Mr Coppard won the election with 138,611 votes, roughly 51 per cent of all votes cast in the ballot.

He was first elected mayor in 2022 and should have served a four-year term, but the election was brought forward after the roles of mayor and South Yorkshire Police and Crime Commissioner (SYPCC) were merged.

Mr Coppard will serve until May 2028 and will take over the role of SYPCC from Dr Alan Billings, who is retiring.

Buses - he said - are the most widely used form of public transport in Barnsley and provide a ‘crucial’ public service, connecting communities and enabling people to get to work, school and meet family and friends.

However, the current deregulated system has seen a decline in patronage over many years and the increasing use of public funding used to support services, leading to growing calls for public control.

The government’s 2017 Bus Services Act gave English ‘metro mayors’ - such as ex-county boss and Barnsley Central MP Dan Jarvis and his successor Mr Coppard - new powers to set up Transport for London-style bus franchise systems.

Government rules require county bosses to undertake a three-step evaluation of the policy which includes a technical assessment, audit and public consultation before announcing a final decision.

At a meeting on Tuesday - having been re-elected just days prior - Mr Coppard said a decision to effectively have current operators apply for contracts would be made within 12 months.

He said: “I refuse to accept a situation where people aren’t able to access opportunities in South Yorkshire.

“There’s talent and opportunity right across our region, but it is only by connecting the two that we will unlock its full potential.

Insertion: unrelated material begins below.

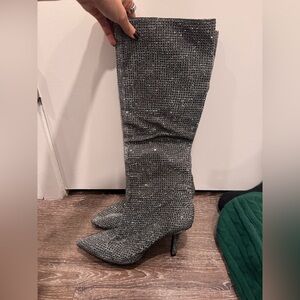Michael Kors Elegant Silver Knee-High sequin Women's Boots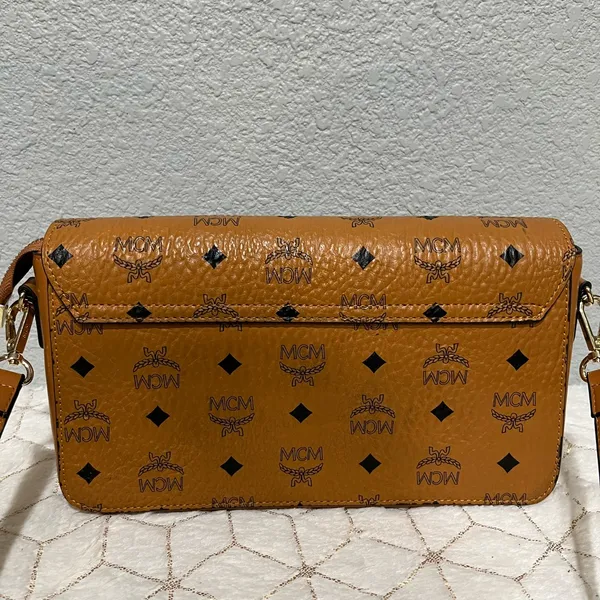 MCM Tan Logo Crossbody Bag‎ - Image 6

“So on day one of my mayoral term, I have committed to start rolling out a new integrated public transport network by the end of this four-year term.

“That’s how we’ll make sure that everyone who lives here can access work or training, see a doctor, see friends and family and - crucially - access opportunity.

“We’ll start by taking a decision on bus reform within 12 months.

“I have said I want to restore the pride, purpose and prosperity - that means connecting talent with opportunity, and giving everyone across Barnsley, Rotherham, Doncaster and Sheffield both freedom and choice about how they travel and move; putting people at the centre of our plans, not just for our transport network but in everything we do.”

In March, Mr Coppard welcomed the franchising assessment which stated that the preferred option was to bring buses back under public control with depots and fleet owned by the South Yorkshire Mayoral Combined Authority (SYMCA).

The next step in this process is for SYMCA to obtain an independent audit of the assessment in order to proceed to consultation.

A 12-week public consultation will be run, ensuring people are at the heart of the process with local passengers, businesses and transport providers able have their say before the mayor takes the decision as to whether to implement bus reform.

Mr Coppard added: “Right now our bus services are in a spiral of decline.

“That’s not just a disaster for our economy or our environment, it’s denying opportunity to people right across our communities.

“I believe that bus franchising - taking buses back into public control, so we make all the major decisions not private bus companies - is the best way to do just that.”